• TASK REQUIREMENTS:
Look through the entries below and extract exactly the lines from the one containing "Middle-Aged Couple Enjoying" through the one containing "am Seeufer steht", ends included.

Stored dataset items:
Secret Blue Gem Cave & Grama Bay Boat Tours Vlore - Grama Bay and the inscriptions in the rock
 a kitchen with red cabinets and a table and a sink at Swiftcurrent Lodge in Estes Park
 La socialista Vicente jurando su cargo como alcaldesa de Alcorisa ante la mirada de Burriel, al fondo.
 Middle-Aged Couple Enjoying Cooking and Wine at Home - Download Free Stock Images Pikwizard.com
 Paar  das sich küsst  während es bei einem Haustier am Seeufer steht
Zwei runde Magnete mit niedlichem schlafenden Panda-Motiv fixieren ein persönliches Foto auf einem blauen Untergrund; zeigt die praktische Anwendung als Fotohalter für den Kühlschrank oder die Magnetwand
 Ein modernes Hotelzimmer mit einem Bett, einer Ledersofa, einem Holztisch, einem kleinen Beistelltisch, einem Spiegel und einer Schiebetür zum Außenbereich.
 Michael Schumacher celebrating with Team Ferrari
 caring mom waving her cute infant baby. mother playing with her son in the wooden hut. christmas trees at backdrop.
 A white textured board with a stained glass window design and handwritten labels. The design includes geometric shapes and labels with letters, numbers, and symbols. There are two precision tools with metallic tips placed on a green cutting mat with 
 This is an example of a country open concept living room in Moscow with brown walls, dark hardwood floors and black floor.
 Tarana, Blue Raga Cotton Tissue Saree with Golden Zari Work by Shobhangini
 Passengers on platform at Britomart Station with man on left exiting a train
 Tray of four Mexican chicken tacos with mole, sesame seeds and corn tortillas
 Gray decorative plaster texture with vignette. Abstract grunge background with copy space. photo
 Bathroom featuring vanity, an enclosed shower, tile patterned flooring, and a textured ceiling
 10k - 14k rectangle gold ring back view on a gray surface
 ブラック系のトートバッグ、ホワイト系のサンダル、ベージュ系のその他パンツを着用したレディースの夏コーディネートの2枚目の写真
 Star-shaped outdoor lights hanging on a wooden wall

• SOLUTION FOR THIS TASK:
 Middle-Aged Couple Enjoying Cooking and Wine at Home - Download Free Stock Images Pikwizard.com
 Paar  das sich küsst  während es bei einem Haustier am Seeufer steht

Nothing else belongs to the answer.